Work to be completed: Transcribe exactly, please, the line bearing "Load image into" and all later lines through the end of the records, with the pictures left out.

(Data supplied)

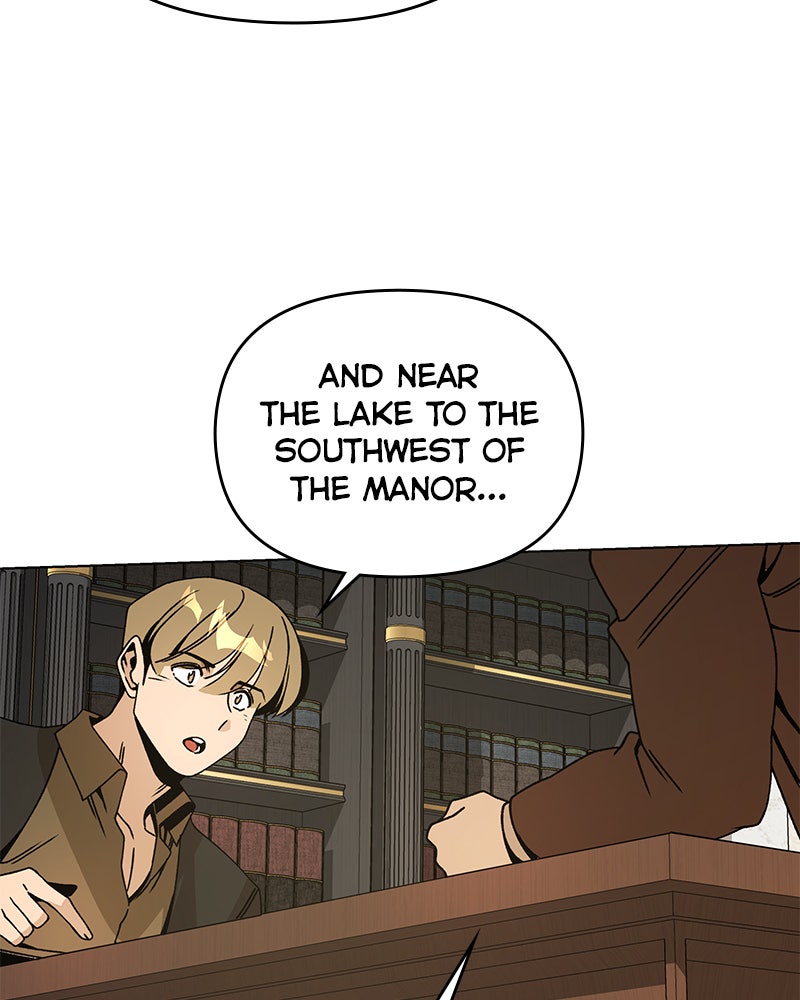 Resigning and Healingin Another World Ep. 95 - Urban Planning page 80 - 
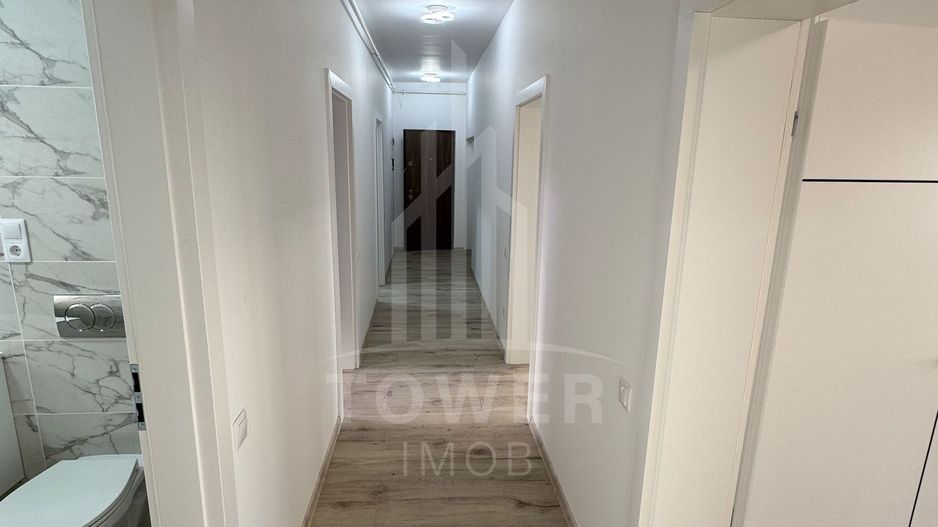 Apartament 3 camere de vânzare - Poză 3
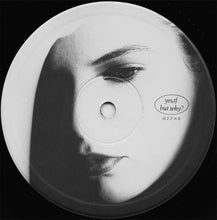 Load image into Gallery viewer, B·Movie* : Nowhere Girl (12", Single)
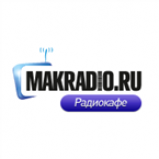 Radio Makradio Radio Cafe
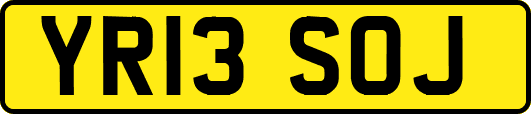YR13SOJ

(End Data supplied)

Exercise response:
 Load image into Gallery viewer, B·Movie* : Nowhere Girl (12", Single)
 Radio Makradio Radio Cafe
YR13SOJ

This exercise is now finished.